### TASK
Don't include any picture when you restate the data word for word.

### GIVEN DATA
....................

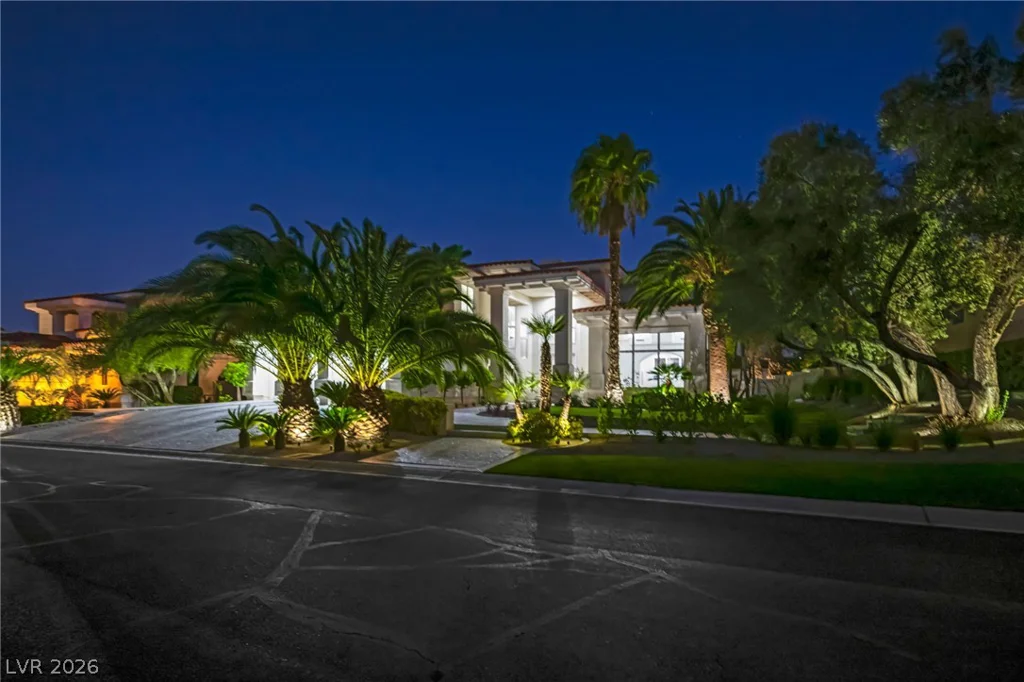 8805 Spanish Mountain, Las Vegas, NV 89148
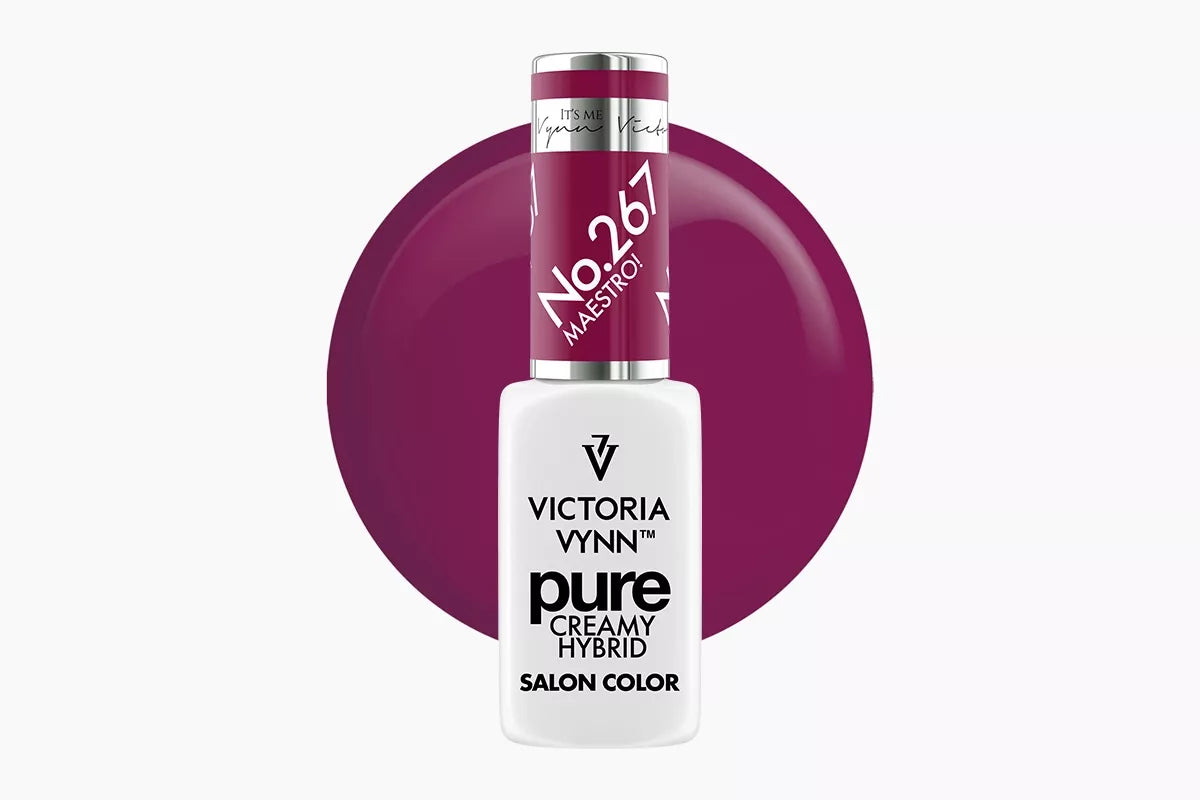 266 Antonio Fa Caldo Pure Creamy Hybrid 8 ml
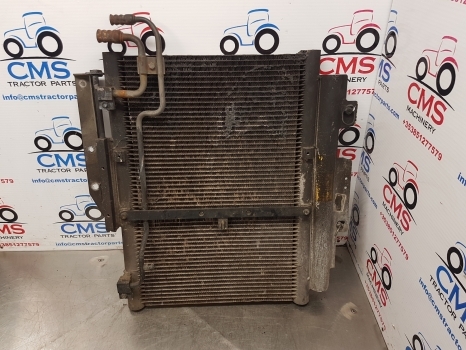 New Holland T6.180 Air Conditioning Condenser Radiator 84485540, 47981847 - Kondicionieriaus radiatorius - Traktorius: foto 1 New Holland T6.180 Air Conditioning Condenser Radiator 84485540, 47981847 - Kondicionieriaus radiatorius - Traktorius: foto 1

....................

### SOLUTION FOR THIS PROBLEM
 8805 Spanish Mountain, Las Vegas, NV 89148
 266 Antonio Fa Caldo Pure Creamy Hybrid 8 ml
 New Holland T6.180 Air Conditioning Condenser Radiator 84485540, 47981847 - Kondicionieriaus radiatorius - Traktorius: foto 1 New Holland T6.180 Air Conditioning Condenser Radiator 84485540, 47981847 - Kondicionieriaus radiatorius - Traktorius: foto 1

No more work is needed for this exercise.